Amazon Transcribe makes it easy for developers to add speech to text capabilities (also known as ASR) to their applications. Audio data is virtually impossible for computers to search and analyze. Therefore, recorded speech needs to be converted to text before it can be used in applications. This PoC shows how can an audio file be converted to text using a simple Email workflow. A user can record an audio on their smart phone and send it to an email inbox as an attachment. Some back-end service monitoring that Inbox gets an "email-received" notification and sends the audio file to the Transcribe service for the transcription. Once the ASR process completes, the response text file is then emailed as an attachment to the sender.
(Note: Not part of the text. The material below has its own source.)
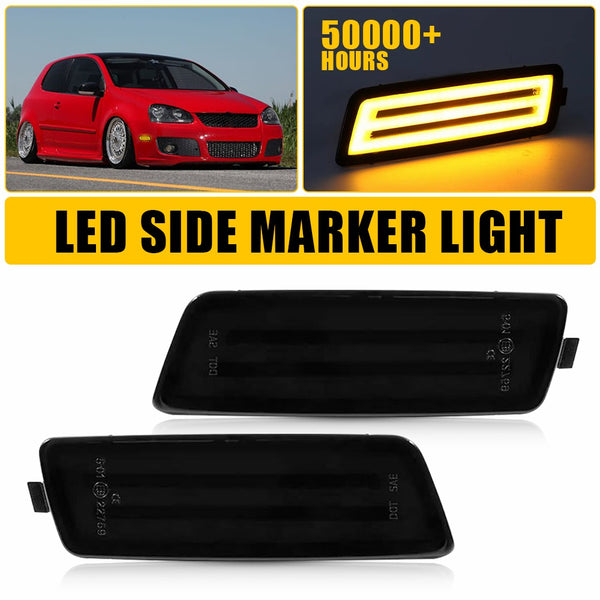 LED Side Marker Light for Volkswagen MK5 R32/MK6 2006-2009, Smoked Lens, Amber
See the high level Architecture.
- Amazon Transcribe
- Amazon WorkMail
- AWS Lambda (Python)
- AWS Lambda Layers (Java)
- Amazon DynamoDB
- Amazon S3
- Amazon SES
- AWS SDK
-
Install AWS CLI, Gradle (optionally Maven) and Java8
-
Clone the repo
-
Create a user in WorkMail Organization and assign an email address like user@abc.awsapps.com
-
Go to DynamoDB Console and create a Table ("Transcribe") with MSG_ID (String) as the Partition Key
-
Create a Lambda function (from the code EmailProcessorLambda.py) with Python 3.8 Runtime
-
Modify DynamoRegion and TableName properties in the function accordingly
-
Update Timeout setting of this function to 5 minutes
-
Assign S3, DynamoDB and WorkMail policies to the role used by this lambda function. Additionally, to access raw content of email body, add an inline policy like this: { "Version": "2012-10-17", "Statement": [ { "Action": [ "workmailmessageflow:GetRawMessageContent" ], "Resource": "arn:aws:workmailmessageflow:region_code:aws_account_id:message/*", "Effect": "Allow" } ] }
-
Create a rule by going to WorkMail console -> Organization Settings -> Inbound Rules and setting Action to Run Lambda and specifying name of Lambda function created in earlier step and specify domain/email address for the filtering
-
Update Constants.java file accordingly
-
Update ZIP file name (build/distributions/TranscribeEmailDemo.zip) in "Template.yml" and "build-layer.sh" files to match (most likely the project name)
-
Execute "create-bucket.sh". In case of "bucket already exists" error, change the bucket name in ALL create-bucket.sh, Constants.java and Python Lambda code (stored in a variable) - they should all be the same.
-
Execute "build-layer.sh"
-
Execute "deploy.sh"
-
Go to Lambda Console and add an S3 event trigger with following configurations: Bucket: "transcribe-email", Event Type: "All Object Create Events", Prefix: "audio/"
-
Go to SES console and validate email addresses that are going to be used for testing (this is a MUST if the SES account is a Sandbox account)
-
Send an email to the WorkMail inbox with an audio file attachment (WAV/M4A/MP3/MP4) and in the response email - the sender will receive the transcribed file
See CONTRIBUTING for more information.
This library is licensed under the MIT-0 License. See the LICENSE file.